In her archives at Syracuse University lie the finished manuscripts of several books she mysteriously decided not to publish, most notably The Crosswicks Horror, which was intended as a companion to her pastiches of nineteenth-century sensation fiction, Bellefleur and A Bloodsmoor Romance. She’s brought out psychological suspense thrillers under the pen names Rosamond Smith and Lauren Kelly—and even written children’s books (Come Meet Muffin!) and young adult novels.

Her work is regularly chosen for The Best American Short Stories—and for The Year’s Best Fantasy and Horror. In her thirties she won the National Book Award for Them, and in her sixties We Were the Mulvaneys was picked as an Oprah Book Club choice. In the years between, she received, among many other honors, the Lifetime Achievement Award of the International Horror Writers Guild. For more than twenty-five years she’s been rumored to be a candidate for the Nobel Prize in literature.

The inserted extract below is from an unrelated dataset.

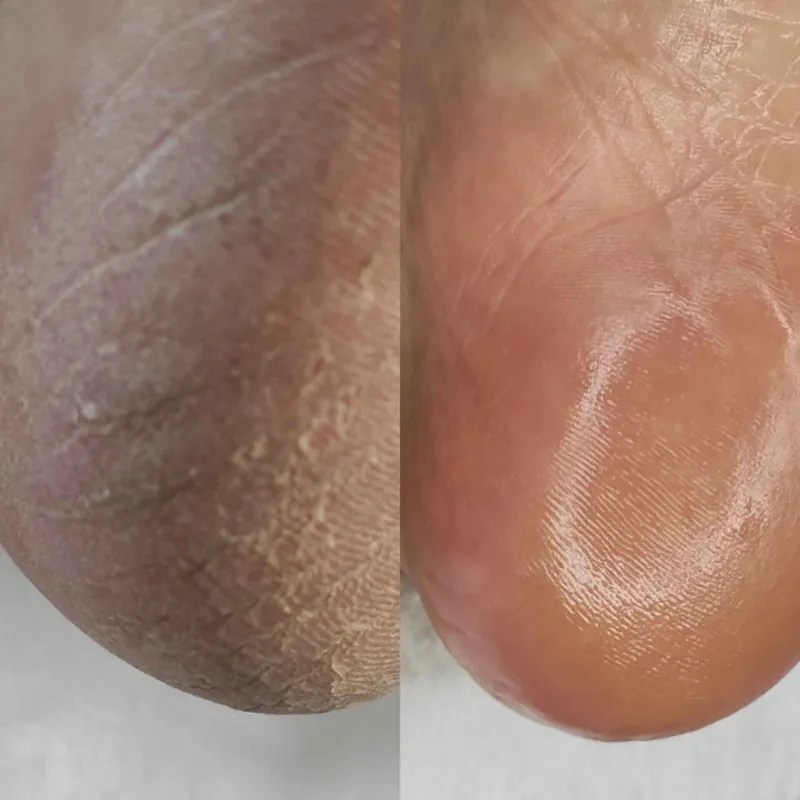 پدیکور درمانی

Such astonishing range and productivity might instill envy in even the industrious Henry James and Virginia Woolf (the serious professional writers with whom Oates most identifies). Yet throughout her life Oates has also been a professor of English, first at the University of Detroit, and for many years now at Princeton. Her students have included the youthful novelist Jonathan Safran Foer, who has said that she acted as his mentor in producing his widely admired Everything Is Illuminated. Teaching clearly matters to her, since she could have afforded to give it up long ago.

With her husband Raymond Smith, moreover, Oates has edited The Ontario Review and, from time to time, published books under its imprint. She has regularly contributed substantial essays and reviews to, among others, The New York Times Book Review, The New Republic, and The New York Review of Books. Somehow, the seemingly tireless writer also keeps a journal, plays the piano, jogs, gardens, draws, cooks, and reads as indefatigably as she writes. (But she doesn’t watch television: TV, Oates has said, is “for people who are skimming along on the surface of life.”) Her good friend the scholar Elaine Showalter once remarked that you had but to mention a book and “Joyce will have the novel read by next week.”

In short, Joyce Carol Oates is a major one-woman industry. Her journal tells us that she writes from 8 till 1 every day, then again for two or three hours in the evening. And she revises and polishes and reworks page after page after page. Such commitment, coupled with her literary fecundity, unnerves many people. Surely so many books can’t be that good, that deeply felt, truly authentic?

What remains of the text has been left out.